### Your goal
Search the entries for the line containing "Sharing Jesus Kathleen". Repeat it, then every line after it, exactly through the final line.

### Provided records

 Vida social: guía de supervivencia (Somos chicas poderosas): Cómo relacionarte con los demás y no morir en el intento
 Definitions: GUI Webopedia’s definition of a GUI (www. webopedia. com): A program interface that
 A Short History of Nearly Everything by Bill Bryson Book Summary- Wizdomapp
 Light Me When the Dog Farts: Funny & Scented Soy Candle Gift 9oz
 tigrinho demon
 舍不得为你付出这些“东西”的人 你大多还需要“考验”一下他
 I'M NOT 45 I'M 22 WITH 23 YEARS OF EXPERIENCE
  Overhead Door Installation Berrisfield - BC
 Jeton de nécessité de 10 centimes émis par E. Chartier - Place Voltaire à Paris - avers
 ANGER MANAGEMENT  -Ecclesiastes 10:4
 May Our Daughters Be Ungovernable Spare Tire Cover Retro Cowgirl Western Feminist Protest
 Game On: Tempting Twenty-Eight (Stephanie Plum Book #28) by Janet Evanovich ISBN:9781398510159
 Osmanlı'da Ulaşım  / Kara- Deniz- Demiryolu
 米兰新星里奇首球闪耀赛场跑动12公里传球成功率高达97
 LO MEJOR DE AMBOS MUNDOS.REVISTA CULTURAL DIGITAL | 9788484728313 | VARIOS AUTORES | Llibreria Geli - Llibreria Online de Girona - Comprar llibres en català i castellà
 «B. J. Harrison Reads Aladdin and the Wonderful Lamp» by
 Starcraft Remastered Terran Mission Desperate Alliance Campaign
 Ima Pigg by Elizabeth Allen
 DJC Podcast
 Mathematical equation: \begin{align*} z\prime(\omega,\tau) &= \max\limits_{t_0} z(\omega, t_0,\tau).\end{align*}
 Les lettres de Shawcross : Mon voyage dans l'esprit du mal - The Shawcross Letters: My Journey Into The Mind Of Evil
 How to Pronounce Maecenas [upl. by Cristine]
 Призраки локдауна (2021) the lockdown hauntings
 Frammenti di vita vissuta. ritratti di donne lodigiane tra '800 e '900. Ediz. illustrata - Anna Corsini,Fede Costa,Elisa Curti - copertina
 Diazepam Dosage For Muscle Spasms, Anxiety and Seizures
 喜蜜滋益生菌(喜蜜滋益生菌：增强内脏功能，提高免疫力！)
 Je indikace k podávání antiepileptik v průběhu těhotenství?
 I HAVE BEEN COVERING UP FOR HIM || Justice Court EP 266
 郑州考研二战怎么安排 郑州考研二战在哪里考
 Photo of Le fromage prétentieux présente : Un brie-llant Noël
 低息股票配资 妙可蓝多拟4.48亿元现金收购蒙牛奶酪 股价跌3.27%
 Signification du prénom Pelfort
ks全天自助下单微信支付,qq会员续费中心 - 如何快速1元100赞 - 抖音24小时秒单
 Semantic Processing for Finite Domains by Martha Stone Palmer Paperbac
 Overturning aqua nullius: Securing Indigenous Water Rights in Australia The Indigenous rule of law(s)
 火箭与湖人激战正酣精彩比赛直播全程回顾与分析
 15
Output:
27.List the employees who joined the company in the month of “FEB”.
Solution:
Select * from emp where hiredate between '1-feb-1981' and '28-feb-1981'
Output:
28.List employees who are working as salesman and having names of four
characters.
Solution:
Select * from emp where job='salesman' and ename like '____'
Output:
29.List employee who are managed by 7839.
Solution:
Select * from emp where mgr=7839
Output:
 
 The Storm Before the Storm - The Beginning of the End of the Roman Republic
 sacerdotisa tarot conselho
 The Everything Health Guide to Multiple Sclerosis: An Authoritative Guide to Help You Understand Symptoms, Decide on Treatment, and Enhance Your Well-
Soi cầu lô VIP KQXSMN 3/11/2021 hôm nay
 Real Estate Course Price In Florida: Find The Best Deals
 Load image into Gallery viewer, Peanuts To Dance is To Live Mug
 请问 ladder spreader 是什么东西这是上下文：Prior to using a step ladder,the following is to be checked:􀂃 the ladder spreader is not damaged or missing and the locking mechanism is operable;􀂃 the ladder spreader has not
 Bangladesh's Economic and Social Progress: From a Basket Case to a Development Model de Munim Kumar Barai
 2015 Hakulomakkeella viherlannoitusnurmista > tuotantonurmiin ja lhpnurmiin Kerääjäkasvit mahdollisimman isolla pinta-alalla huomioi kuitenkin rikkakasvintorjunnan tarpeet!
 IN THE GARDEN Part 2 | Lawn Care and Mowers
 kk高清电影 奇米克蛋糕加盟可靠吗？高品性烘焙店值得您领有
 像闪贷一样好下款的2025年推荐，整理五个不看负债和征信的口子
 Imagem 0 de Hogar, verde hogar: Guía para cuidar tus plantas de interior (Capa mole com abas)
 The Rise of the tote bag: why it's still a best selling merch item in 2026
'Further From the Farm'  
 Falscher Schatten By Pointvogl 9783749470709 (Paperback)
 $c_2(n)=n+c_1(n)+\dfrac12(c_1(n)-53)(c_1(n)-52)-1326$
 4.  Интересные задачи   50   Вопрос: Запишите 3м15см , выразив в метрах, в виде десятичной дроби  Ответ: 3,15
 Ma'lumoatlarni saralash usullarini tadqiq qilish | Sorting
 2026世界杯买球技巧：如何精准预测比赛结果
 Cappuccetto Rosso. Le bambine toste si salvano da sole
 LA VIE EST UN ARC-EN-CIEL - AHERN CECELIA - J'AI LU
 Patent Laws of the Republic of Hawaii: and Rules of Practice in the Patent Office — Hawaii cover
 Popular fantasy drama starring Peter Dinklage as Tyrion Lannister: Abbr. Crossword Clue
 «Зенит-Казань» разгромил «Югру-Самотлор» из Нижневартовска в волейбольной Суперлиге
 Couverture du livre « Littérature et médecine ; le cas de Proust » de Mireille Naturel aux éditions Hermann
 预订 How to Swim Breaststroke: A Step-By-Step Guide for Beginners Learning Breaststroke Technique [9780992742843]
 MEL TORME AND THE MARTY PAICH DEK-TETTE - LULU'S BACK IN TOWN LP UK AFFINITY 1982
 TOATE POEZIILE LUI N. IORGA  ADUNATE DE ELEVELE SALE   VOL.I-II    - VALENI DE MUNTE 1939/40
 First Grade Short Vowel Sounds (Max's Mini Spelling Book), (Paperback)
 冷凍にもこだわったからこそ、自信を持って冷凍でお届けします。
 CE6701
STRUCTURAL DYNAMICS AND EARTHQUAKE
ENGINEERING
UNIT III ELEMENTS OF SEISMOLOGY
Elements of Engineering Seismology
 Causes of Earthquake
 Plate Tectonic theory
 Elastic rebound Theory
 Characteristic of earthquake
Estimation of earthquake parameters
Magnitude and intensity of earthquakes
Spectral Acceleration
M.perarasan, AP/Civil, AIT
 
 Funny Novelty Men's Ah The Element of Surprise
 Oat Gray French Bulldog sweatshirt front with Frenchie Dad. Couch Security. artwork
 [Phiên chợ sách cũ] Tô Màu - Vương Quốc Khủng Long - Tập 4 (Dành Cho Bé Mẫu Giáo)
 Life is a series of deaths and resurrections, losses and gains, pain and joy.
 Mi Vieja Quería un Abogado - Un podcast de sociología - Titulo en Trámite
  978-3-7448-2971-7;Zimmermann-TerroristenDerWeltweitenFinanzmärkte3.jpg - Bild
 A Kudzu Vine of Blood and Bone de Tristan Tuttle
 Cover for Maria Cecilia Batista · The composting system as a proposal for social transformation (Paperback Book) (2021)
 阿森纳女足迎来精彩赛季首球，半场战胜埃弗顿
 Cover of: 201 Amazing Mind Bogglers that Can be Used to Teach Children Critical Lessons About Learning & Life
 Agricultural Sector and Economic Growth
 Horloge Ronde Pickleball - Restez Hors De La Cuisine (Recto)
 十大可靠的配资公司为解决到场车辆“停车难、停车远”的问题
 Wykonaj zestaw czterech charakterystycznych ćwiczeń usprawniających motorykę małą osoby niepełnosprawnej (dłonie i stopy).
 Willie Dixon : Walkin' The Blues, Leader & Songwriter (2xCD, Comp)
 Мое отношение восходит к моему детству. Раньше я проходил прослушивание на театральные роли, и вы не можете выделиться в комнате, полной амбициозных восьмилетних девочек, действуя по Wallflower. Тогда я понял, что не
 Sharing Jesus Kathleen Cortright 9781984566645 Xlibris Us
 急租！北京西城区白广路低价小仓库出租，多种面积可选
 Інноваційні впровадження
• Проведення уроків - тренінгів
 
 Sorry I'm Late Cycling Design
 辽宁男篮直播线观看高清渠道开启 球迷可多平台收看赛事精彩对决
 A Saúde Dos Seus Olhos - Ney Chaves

### Exercise answer
 Sharing Jesus Kathleen Cortright 9781984566645 Xlibris Us
 急租！北京西城区白广路低价小仓库出租，多种面积可选
 Інноваційні впровадження
• Проведення уроків - тренінгів
 
 Sorry I'm Late Cycling Design
 辽宁男篮直播线观看高清渠道开启 球迷可多平台收看赛事精彩对决
 A Saúde Dos Seus Olhos - Ney Chaves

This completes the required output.